### WHAT TO DO
All of the records below need to be written out exactly, but without the pictures.

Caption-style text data

==========

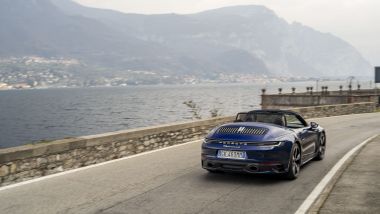 Porsche 911: per i suoi 60 anni un giro con la 4S Cabrio sul Lago di Como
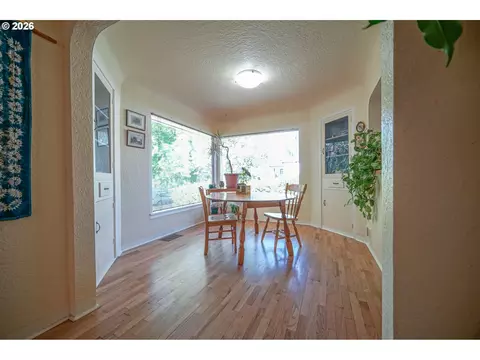 Dining - 1052 W 10th Ave, Eugene, OR 97402 photo 1 of 4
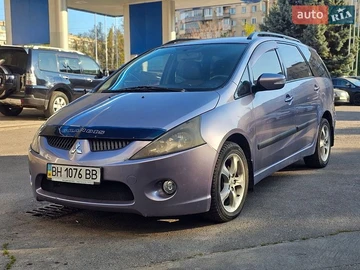 Авто Mitsubishi Grandis 2004 № 8805489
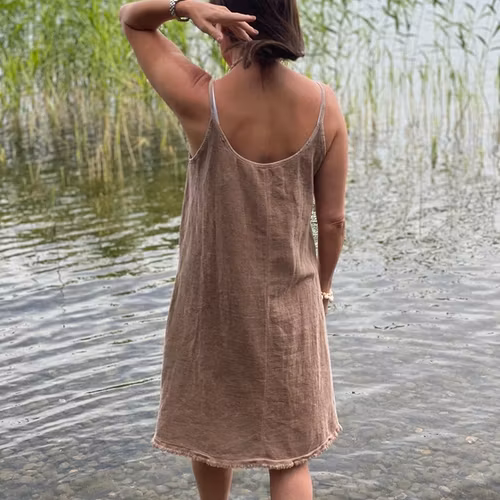 Sommar klänning sand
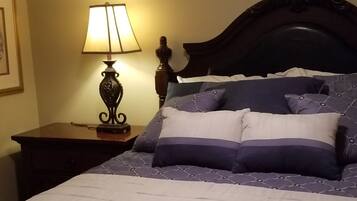 Familiehytte, ikke-røyk, utsikt mot høyde | Individuelt dekorert, individuelt innredet og strykejern/-brett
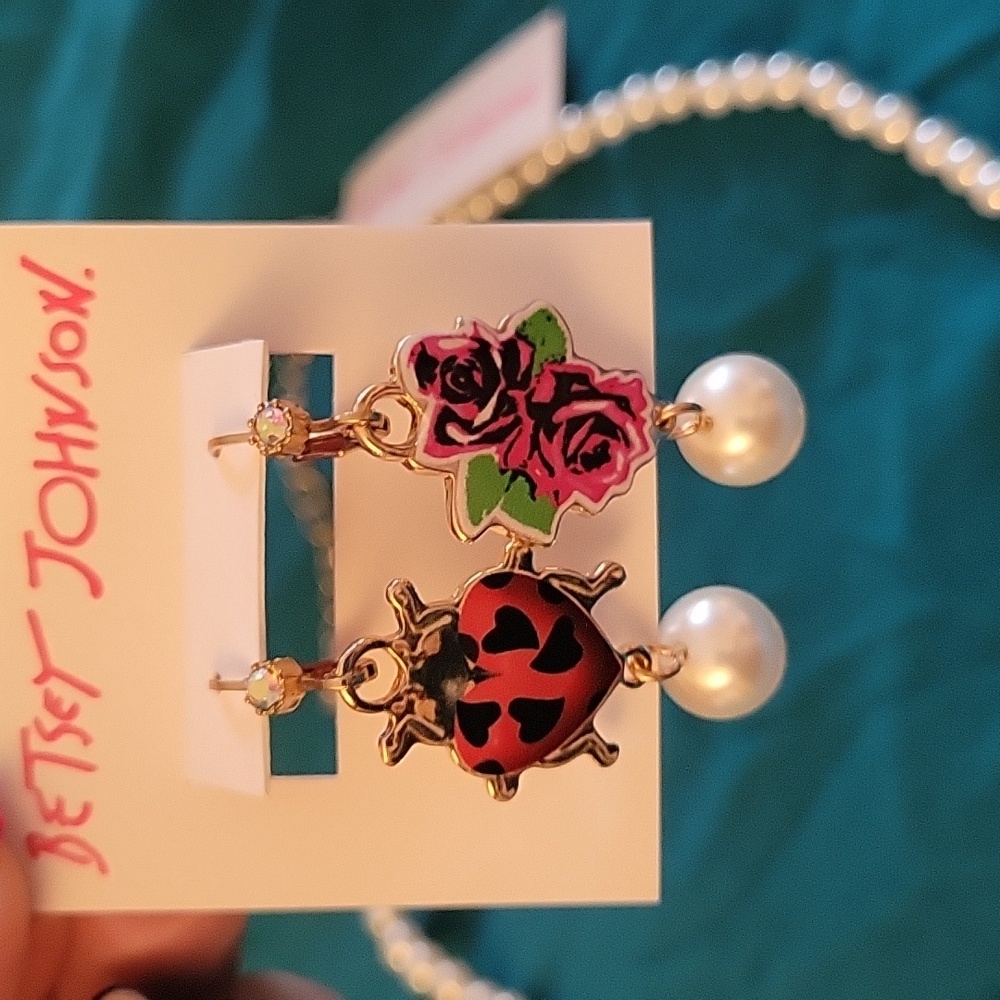 NWT Betsy Johnson Necklace and earrings set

==========

### PROBLEM SOLUTION
 Porsche 911: per i suoi 60 anni un giro con la 4S Cabrio sul Lago di Como
 Dining - 1052 W 10th Ave, Eugene, OR 97402 photo 1 of 4
 Авто Mitsubishi Grandis 2004 № 8805489
 Sommar klänning sand
 Familiehytte, ikke-røyk, utsikt mot høyde | Individuelt dekorert, individuelt innredet og strykejern/-brett
 NWT Betsy Johnson Necklace and earrings set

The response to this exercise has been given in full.